La FFA entend mettre les moyens pour ne pas revivre l'échec de Tokyo

La Fédération Française d’athlétisme (FFA) compte briller lors de Paris 2024. Après des Jeux Olympiques de Tokyo marqués par un bilan famélique, une seule médaille d’argent pour Kevin Mayer sur le décathlon, André Giraud et ses équipes ont décidé de réagir. Un plan baptisé « Ambition 2024 » a été présenté ce mardi lors d’un conférence de presse et qui est issu d’une réflexion entre la FFA, la Région Ile-de-France et sur proposition de Marie-José Pérec « On veut créer un collectif d’athlètes qui travaillent sur le sportif, mais pas uniquement, a déclaré le président de la FFA. Nous avons fait le constat depuis plusieurs années qu’il faut apprendre à gérer la compétition, mais aussi l’environnement de l’athlète, l’aspect socio-professionnel, médical, leurs finances, les relations aux médias… » Un projet lancé avec pas moins de 56 athlètes âgés de 17 à 25 ans dont Jimmy Gressier et Hugo Hay, qui ont pris part au 5000m à Tokyo, et qui sera focalisé sur quatre axes majeurs de travail.

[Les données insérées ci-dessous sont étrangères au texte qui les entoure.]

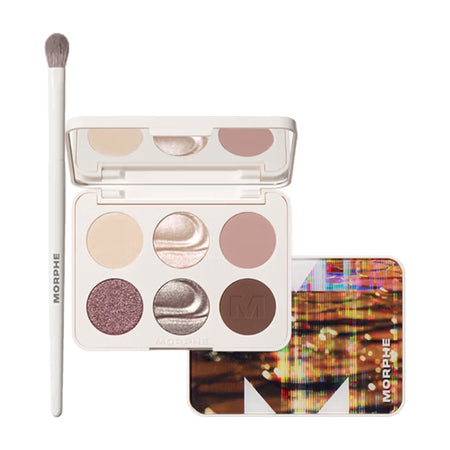 MORPHE M332 Medium Blender Brush + Rich Glitch Palette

La FFA veut offrir aux athlètes les moyens de réussir


Il y aura une formation globale, un travail sur la cohésion mais également sur l’appréhension de disputer une compétition majeure à domicile. L’idée de transmission sera également abordée durant les différents regroupements prévus tant à l’échelle régionale que nationale. Afin de tranquilliser les athlètes et optimiser leur préparation pour Paris 2024, ils bénéficieront d’un soutien financier venant de la Région Ile-de-France, de la FFA mais également de l’Agence Nationale du Sport. A cela s’ajoutera des échanges avec des sportifs issus d’autres disciplines, tels Samir Ait-Saïd récemment. Toutefois, la contrepartie à l’intégration dans ce programme de développement sera la recherche de la performance. En effet, le groupe initial de 56 athlètes pourrait être amené à évoluer avec, notamment, des sorties si le niveau n’est pas suffisant. L’idée reste de fournir le meilleur encadrement possible à la jeune génération pour qu’elle puisse être performante à Paris en 2024 mais également au-delà.